Detroit Historical Museum celebrates 'Come Out! In Detroit'
On June 24, 1972, Michigan's first LGBTQ+ pride celebration was held in Detroit as representatives from Metro Detroit, Ann Arbor, Lansing and other cities gathered through the Michigan Gay Coalition. On this historic day, participants paraded down Woodward Avenue, rallied to speeches in Kennedy Square, danced at the Unitarian Church on Cass Avenue, and had a picnic the next day in Palmer Park. The rally took place in recognition of the stonewall uprising in New York City in 1969.
Fifty years after what is now known as Christopher Street ’72, historian Tim Retzloff and freelance illustrator Isabel Clare Paul joined forces to create a 32-page nonfiction comic book, "Come Out! In Detroit," that tells the story of the celebration.
To promote the book’s release, the Detroit Historical Museum is presenting a special exhibition, now through Sept. 11, featuring enlarged pages of the book to highlight the stories told through oral histories from this demonstration. The museum will also distribute free copies of the book while supplies last.
As a historian who has been researching Michigan and Metro Detroit LGBTQ history for more than 30 years, author Tim Retzloff explained that this celebration has been something on his radar for a while, as his dissertation was specifically focused on lesbian and gay life in Metro Detroit from 1945 to 1985.
“I wanted to make sure that people knew about this event 50 years after because there have been Pride celebrations every year since, and except for the few people who are still around who remember the event, people didn’t know there was a pride in Michigan and in Detroit in 1972 and there’s often this surprise about that,” Retzloff said. “I knew that there was a need to tell the story, and that’s when I reached out to Isabel.”
Tracy Irwin, chief exhibitions and enrichment officer at the Detroit Historical Museum, said in an email that the museum is celebrating this exhibition during Pride Month to honor and share historical stories of LGBTQ+ Detroit community members.
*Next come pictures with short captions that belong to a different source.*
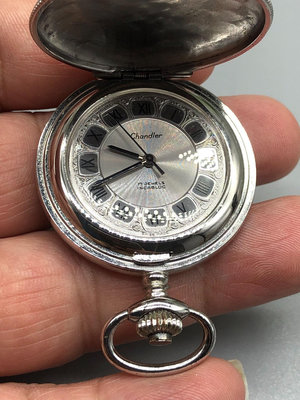 瑞士Chandler錢德勒機械懷錶掛錶 通體雕花 羅馬刻度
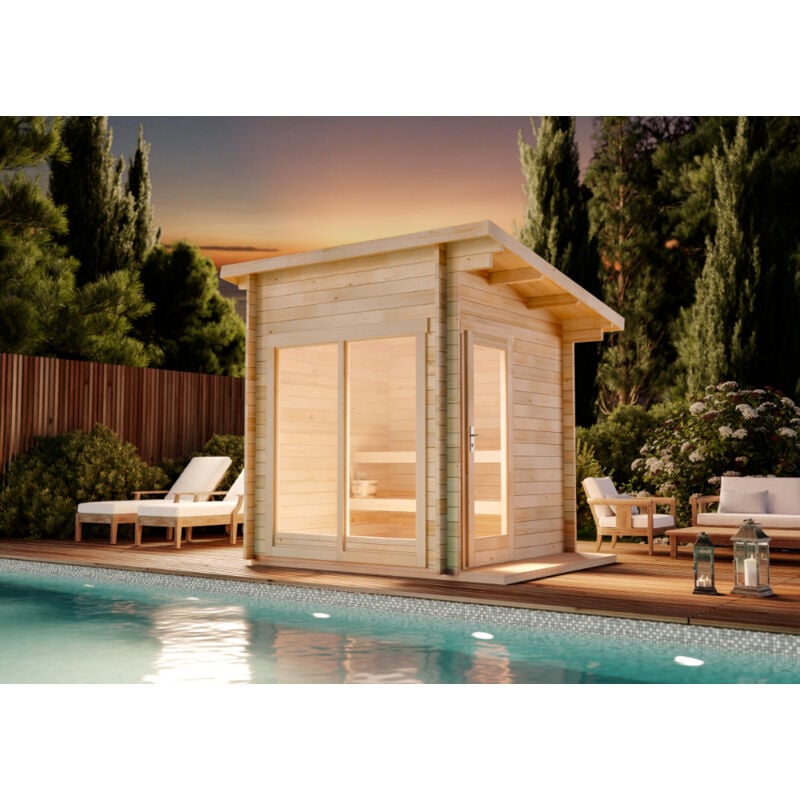 FinnTherm Saunahaus Lizzy XS Gartensauna 2 Sitzbänke aus Holz, Sauna mit 40 mm Wandstärke Außensauna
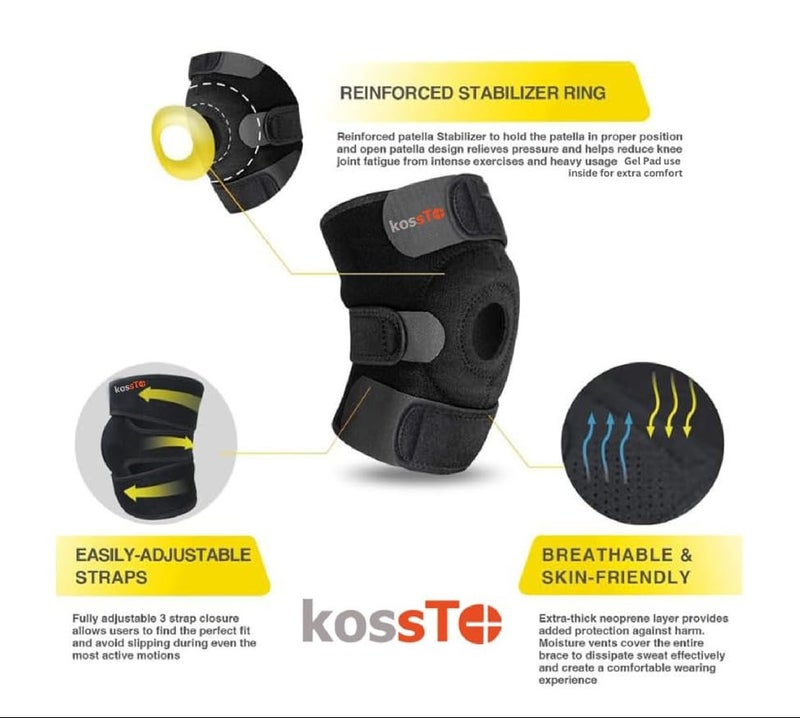 Kossto Open Patella Knee Support Brace – Adjustable Compression Knee Sleeve with Patella Stabilizer for Joint Pain Relief, Meniscus Tear, Arthritis, Running, Sports & Injury Recovery – Unisex (One Size) (Pack of 1) - Image 4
“'Come Out! In Detroit' is a fresh take on reviewing an historical moment in Detroit’s history,” Irwin said. “A comic book is accessible and an innovative way to bring to life Detroit’s first Pride Parade... I think we were in agreement that this 50th anniversary story was something we wanted to be part of and to help tell as an exhibition. Sharing the stories of our LBGTQ+ community members is an important aspect of our local history that the Detroit Historical Society wants to make sure is recognized.”
The exhibit displays blown up images of the comic book for attendees to take a closer look at the pages. Additionally, there is memorabilia on exhibit, such as banners and T-shirts, from the original celebration. Paul said the artifacts presented alongside the comic book helps readers form a connection between the two.
“The idea was to have the have the pages of the comic enlarged and on display, but the captions are us talking about the creative process and how we decided different things,” Retzloff said. “And then there’s two objects in the exhibit that are really important, one of which is a T-shirt that says ‘come out.’ This was a homemade T-shirt silk screened by the organizers from 1972 that Susan Swope donated to the museum, and she was the one lesbian speaker at the rally. Then we also have the Gay Liberation Front banner that was on display where the speakers gave their speeches, it was in the old Kennedy square and it was draped over the ledge, so... it’s a really important artifact from our history that I’m excited gets to be displayed with this exhibit.”
Retzloff said that throughout the writing and illustrating process, he and Paul strove to achieve accuracy and have fidelity while telling eyewitness stories.
“All of the people that are mentioned were real people, and this is something that often gets lost when we talk about social movements, the individuals that were involved,” Retzloff said. “There’s a couple of dozen people who are named in the comic, many of them are sources, but at least 10 of them had passed away. So, the importance of making sure that their voices are heard and their stories remembered becomes more pronounced because of that for me.”
Paul graduated from the College of Creative Studies (CCS) in May 2020, and felt that this project would be a great way to kickstart her career. She said she is most proud of how the project captured the history’s essence before it could be forgotten, as well as the positive feedback received from those quoted in the story.
“I’m so proud of it, just the whole story and making sure that the history didn’t just fade into nothing,” Paul said. “It’s been recorded and now it’s accessible and can get shared on.”